A change in work sequence may or may not accompany a change in equipment or a
change in work processes. Making a change in work sequence means altering the order
or sequence of the workstations involved in a particular manufacturing process. For
example, a manufacturer might have two parallel assembly lines producing two similar
sets of machine parts. The lines might converge at one central quality-control unit,
where inspectors verify tolerances. The manager, however, might decide to change to
periodic rather than final inspection. Under this arrangement, one or more inspections
are established farther up the line.
Work sequence changes can also be made in service organizations. The processing of
insurance claims, for example, could be changed. The sequence of logging and verifying
claims, requesting checks, getting countersignatures, and mailing checks could be altered in
several ways, such as combining the first two steps or routing the claims through one person
while another handles checks. Organizational control systems may also be targets of change.
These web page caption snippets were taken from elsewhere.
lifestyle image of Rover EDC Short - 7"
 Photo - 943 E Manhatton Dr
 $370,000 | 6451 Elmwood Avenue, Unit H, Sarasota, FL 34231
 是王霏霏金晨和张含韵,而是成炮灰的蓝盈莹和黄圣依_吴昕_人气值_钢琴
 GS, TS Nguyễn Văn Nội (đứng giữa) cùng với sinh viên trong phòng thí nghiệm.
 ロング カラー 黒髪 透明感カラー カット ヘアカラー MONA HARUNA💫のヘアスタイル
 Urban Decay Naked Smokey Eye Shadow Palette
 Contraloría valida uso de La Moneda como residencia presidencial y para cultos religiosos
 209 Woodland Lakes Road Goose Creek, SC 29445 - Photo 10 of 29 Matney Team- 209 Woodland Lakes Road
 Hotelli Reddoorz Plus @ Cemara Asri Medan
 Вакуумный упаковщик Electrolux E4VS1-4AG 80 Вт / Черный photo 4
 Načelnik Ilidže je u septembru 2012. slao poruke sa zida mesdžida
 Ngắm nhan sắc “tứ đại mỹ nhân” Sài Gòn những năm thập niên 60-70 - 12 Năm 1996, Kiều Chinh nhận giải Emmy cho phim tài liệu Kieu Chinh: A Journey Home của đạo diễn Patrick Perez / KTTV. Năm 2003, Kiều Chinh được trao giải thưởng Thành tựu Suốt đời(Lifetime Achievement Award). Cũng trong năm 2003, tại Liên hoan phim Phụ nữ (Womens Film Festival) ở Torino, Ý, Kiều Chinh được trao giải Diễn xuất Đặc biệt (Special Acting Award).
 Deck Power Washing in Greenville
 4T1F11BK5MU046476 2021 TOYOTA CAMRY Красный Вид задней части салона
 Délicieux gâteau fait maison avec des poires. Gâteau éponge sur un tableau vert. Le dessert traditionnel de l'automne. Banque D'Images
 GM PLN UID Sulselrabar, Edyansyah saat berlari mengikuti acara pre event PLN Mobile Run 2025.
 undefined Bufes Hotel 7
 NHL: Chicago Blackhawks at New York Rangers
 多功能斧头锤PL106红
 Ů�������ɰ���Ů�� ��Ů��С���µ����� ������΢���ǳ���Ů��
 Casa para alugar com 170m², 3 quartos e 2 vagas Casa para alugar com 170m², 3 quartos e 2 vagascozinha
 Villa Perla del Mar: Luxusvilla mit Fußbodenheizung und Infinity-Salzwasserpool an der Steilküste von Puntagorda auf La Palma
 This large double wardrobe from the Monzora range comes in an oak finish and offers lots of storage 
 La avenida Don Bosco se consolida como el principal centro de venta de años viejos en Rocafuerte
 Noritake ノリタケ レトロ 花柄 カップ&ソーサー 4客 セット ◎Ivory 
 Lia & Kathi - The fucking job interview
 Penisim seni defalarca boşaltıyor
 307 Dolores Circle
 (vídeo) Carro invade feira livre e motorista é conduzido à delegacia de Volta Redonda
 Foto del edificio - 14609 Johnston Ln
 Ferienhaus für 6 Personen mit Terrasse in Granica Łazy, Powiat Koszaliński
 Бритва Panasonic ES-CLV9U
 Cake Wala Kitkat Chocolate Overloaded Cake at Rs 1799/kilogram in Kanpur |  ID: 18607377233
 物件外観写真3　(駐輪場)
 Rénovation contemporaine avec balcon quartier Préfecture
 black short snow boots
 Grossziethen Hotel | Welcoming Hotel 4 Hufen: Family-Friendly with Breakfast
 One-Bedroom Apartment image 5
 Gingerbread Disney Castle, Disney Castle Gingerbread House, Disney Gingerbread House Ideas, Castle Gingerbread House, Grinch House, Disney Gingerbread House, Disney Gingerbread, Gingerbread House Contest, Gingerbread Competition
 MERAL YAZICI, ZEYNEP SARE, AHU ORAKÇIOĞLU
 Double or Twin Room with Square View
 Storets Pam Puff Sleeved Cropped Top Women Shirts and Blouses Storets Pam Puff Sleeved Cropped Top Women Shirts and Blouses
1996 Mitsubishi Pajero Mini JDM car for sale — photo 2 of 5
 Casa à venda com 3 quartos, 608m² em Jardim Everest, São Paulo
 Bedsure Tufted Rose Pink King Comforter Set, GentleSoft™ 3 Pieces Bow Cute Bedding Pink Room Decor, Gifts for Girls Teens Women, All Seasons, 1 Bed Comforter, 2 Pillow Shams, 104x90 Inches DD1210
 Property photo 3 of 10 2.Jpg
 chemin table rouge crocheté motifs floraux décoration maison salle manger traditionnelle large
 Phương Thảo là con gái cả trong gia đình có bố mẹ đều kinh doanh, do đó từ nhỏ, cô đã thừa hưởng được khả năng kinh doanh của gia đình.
For example, a firm attempting to improve the quality of its products might develop and
implement a set of more rigorous and comprehensive quality-control procedures.
Finally, many businesses have been working to implement technological and
operations change by installing and using complex and integrated software systems.
Such systems—called enterprise resource planning (ERP)—link virtually all facets of the
business, making it easier for managers to keep abreast of related developments.
ERP
is a
large-scale information system for integrating and synchronizing the many activities in
the extended enterprise. In most cases, these systems are purchased from external
vendors who then tailor their products to the client’s unique needs and requirements.
Companywide processes—such as materials management, production planning, order
management, and financial reporting—can all be managed through ERP. In effect, these
are the processes that cut across product lines, departments, and geographic locations.
Developing the ERP system starts by identifying the key processes that need critical
attention, such as supplier relationships, material flows, or customer order fulfillment.
The system could result, for instance, in sales processes being integrated with production
planning and then integrating both of these into the firm’s financial accounting system.
For example, a customer in Rome can place an order that is to be produced in Ireland,
schedule it to be shipped through air cargo to Rome, and then have it picked up by a
truck at the airport and delivered to the customer’s warehouse by a specified date. All
of these activities are synchronized by activities linkages in one massive database.
The ERP integrates all activities and information flows that relate to the firm’s critical
processes. It also keeps updated real-time information on their current status, reports recent
past transactions and upcoming planned transactions, and provides electronic notices that
action is required on some items if planned schedules are to be met. It coordinates internal
operations with activities by outside suppliers and notifies business partners and customers
of current status and upcoming deliveries and billings. It can integrate financial flows among
the firm, its suppliers, its customers, and commercial bank deposits for up-to-the-minute
status reports that can be used to create real-time financial reports at a moment’s
notice, rather than in the traditional one-month (or longer) time span for producing a
financial statement. ERP’s multilanguage capabilities also allow real-time correspondence
in various languages to facilitate international transactions.